そしてもちろん何事もなかったかのように這い上がってきた。
「夢より遠い世界にいくところでした」
「懲りない奴ね……」
口から湯気を吐きながら、右手を引いた。
「ちょ、ちょいタンマ! どこぞの格闘マンガじゃあるまいし、それは危険です」
「それもそうね。霊気漲らせて闘気のように見せる方がらしいわね」
ある意味禁句である。
「せめて『ル○ィー』にしときなさい。中身はクリリンなんだから」
「自分でいっておいてなんですが、いいかげんこのネタはやめときましょう」
そういいながら、そのまま座り夕陽を眺めた。溜息をつきながらも、令子も隣に座った。
「冗談はともかく、何してたのよ。シロなんてお腹空き過ぎて暴動寸前よ」
「いやぁ〜、俺も腹は減ってんですけどね……」
情けないような、虚しいような複雑な顔を浮かべていた。
「どうせあんたのことだから『夏だというのになぁ〜んもなかった』とでも思ってるんでしょ」
令子の一言に思わず涙が浮かんでしまう。滝のような涙を流しながら令子の方を向いた。
「はいはい返事しなくても分かるわよ」
頭を抱えると肩に寄せた。
「男女逆じゃないの、まったく。私だって、思い出くらい欲しいわよ」
「変わりましょうか?」
「今更遅いわよ」
横島の肩が震えていた。笑っているようである。令子は歯を剥いて威嚇するが、目が笑っていた。
「はぁ〜……せっかくのシチュエーションなのに、ムードなんて私らには無縁みたいね」
「俺にそういうのを求めるのが、そもそもの間違いで」
「少しは努力してよ」
頭を軽く叩くと、横島は顔を上げた。
「努力はしたいんですがシリアスに弱いですし、それに……」
「それに?」
振り返り後ろを向いた。
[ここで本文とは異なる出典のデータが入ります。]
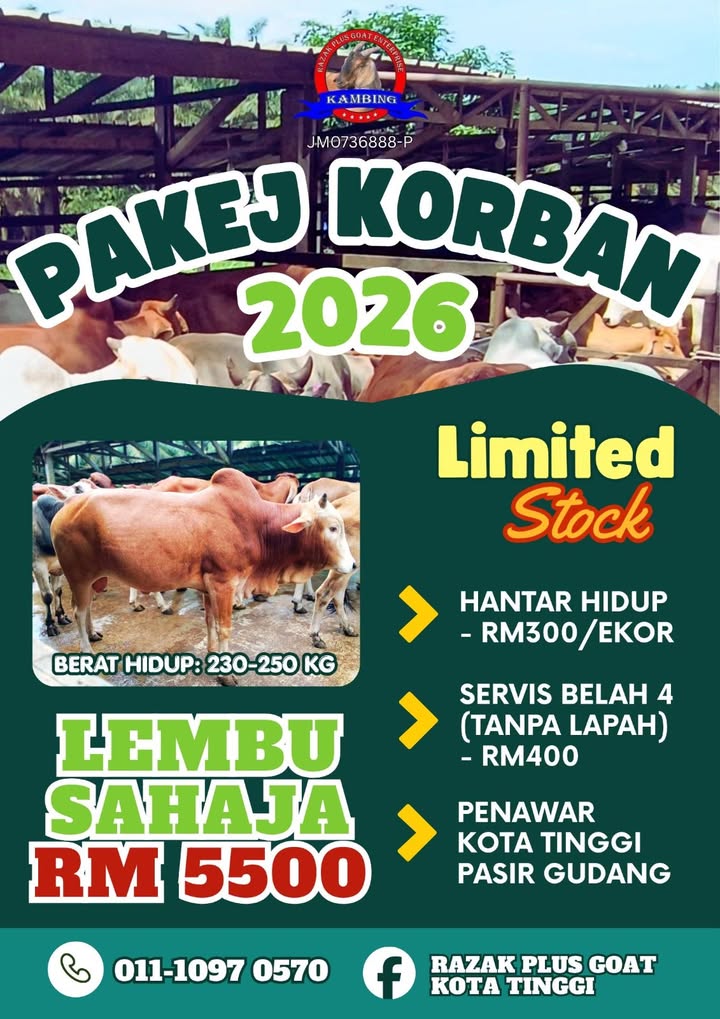 Pakej Korban 2026: Harga Lembu Bermula Rm5500-rm10,000 Atas.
木の影に隠れきっていない姿が3つほど見えた。
「なるほどね……さて、戻りましょうか」
「ですね。この恨みはメシ食った後で晴らすとしましょう」
令子と横島が立ち上がると、気配どころか足音さえ消すのも忘れた影が走り去っていった。
「まったく、おキヌちゃんまで一緒になって……」
「困ったもんだ」
「あんたが一番困ったちゃんよ!」
「俺スか?」
「そう。あんたが一番の悩みのタネよ」
軽く唇を重ねると、横島の手をするりと抜けていった。
「あ、あれ? 続き……」
「続きはね……残りの仕事片付けてからね♪」
にっこりと笑うと、軽い足取りで戻っていった。
「残りの仕事って……まさかあの合同のデカい仕事5件か!!!」
横島はその場に立ち尽くした。
努力かはたまた気まぐれか、それとも奇跡か腐れ縁か、令子とは彼女のような形にはなっていたが、未だに元はとれていない。
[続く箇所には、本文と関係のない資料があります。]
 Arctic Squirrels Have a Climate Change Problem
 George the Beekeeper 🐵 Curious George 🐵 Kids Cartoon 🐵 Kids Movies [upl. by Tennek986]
事務所一の困ったちゃん。それはやはり令子だったようである。
沈んでしまった夕陽に再び振り返ると、大きく息を吸った。
「ル……
ルルルンルン♪」
「花の○かーーーーーーっ!!!」
カルテットキックで、横島は水平線の彼方へと蹴り飛ばされていった。
ムード……それは横島、いやこの事務所とは無縁のものである。